Right-click on the MtPubSubAzureExample solution and choose “Set StartUp Projects…” Choose “Multiple startup projects” and set the Action to Start for TestPublisher and TestCloudSubscriber (the TestCloudSubscriber will startup our TestCloudSubscriberWorker). Run the solution and you should see your familiar TestPublisher console window. Where is the TestCloudSubscriber service? Look in your tray for the Azure emulator icon:

Right-click and choose “Show Compute Emulator UI” and then click on the “TestCloudSubscriberWorker” in the tree view. This should bring up the console for the cloud service which should be displaying the trace messages. You should see “Working” every 1 second, since that’s what the Worker Role code template does:

If we publish some messages from the TestPublisher, we should see them get handled in the emulator console:

Publish the Cloud Service to Azure

Now we want to actually run the TestCloudSubscriber, well, in the cloud! Right-click on the TestCloudSubscriber project and select “Publish.” This will bring up the “Publish Azure Application” dialog. After signing in, another dialog should popup titled “Create Cloud Service and Storage Account.” Give it any name you like and choose the region (you probably want the same region where you created your Azure Service Bus):

Then, on the Settings tab of the Publish wizard, simply click the Publish button. This will publish your cloud service to Azure, which you’ll be able to see under Cloud Services in the Azure Portal:

Click on your service and then click on the “Instances” tab:

As you can see, our first instance of our service is running.
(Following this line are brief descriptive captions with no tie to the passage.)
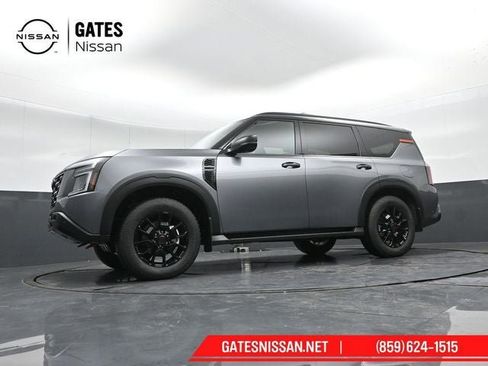 New 2026 Nissan Armada PRO-4X w/ Captain's Chari Seat Package image 38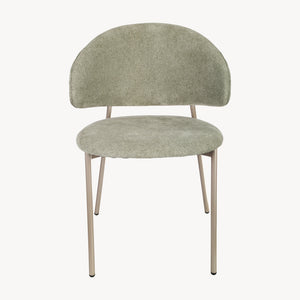 Matgrupp Lipis textil grön i set [en.casa]
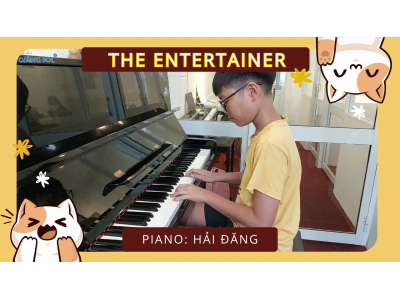 The Entertainer piano | Hải Đăng | Lớp nhạc Giáng Sol Quận 12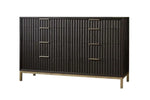 KENTFLD05:Kentfield Platform Bed & Dress, AngledAngle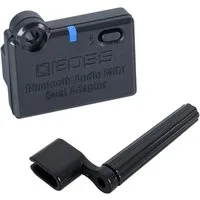 Boss by Roland Boss BT-Dual Bluetooth Audio MIDI Dual Adapter mit Saitenkurbel Verstärker (Bluetooth-Audio/MIDI)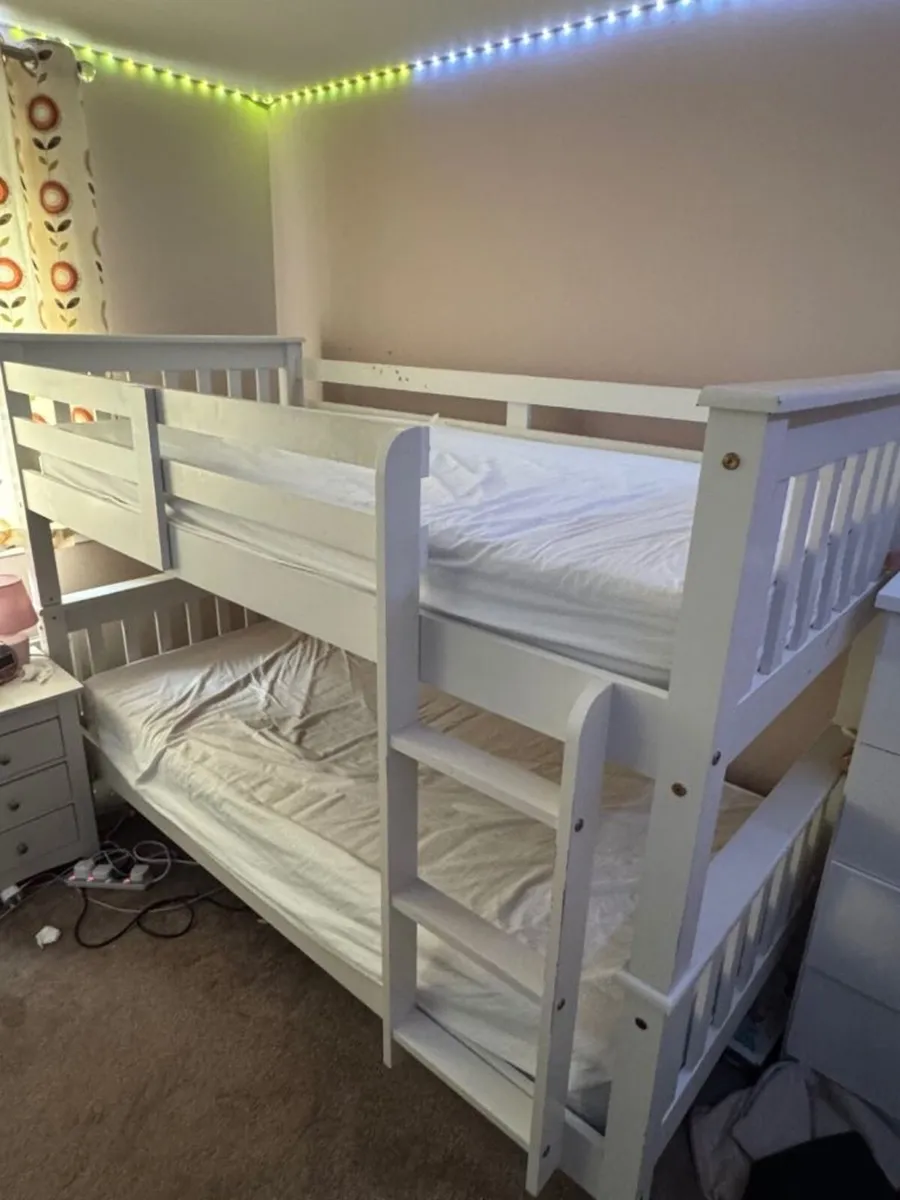 Bunk bed with two mattress - Image 3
Back in Visual Studio, you can right-click on the TestPublisher project and set it as the sole startup project. Run it and publish a few messages to the bus. Our cloud service should process the messages, but how can we be sure? The quick and dirty way is to check the Queue Length of the mtpubsubazureexample_testcloudsubscriber queue. As long as this is a decreasing number (or a zero), then our cloud service is processing the messages. If you want more than that and would like to actually see the trace messages we are writing out from our cloud service, read on.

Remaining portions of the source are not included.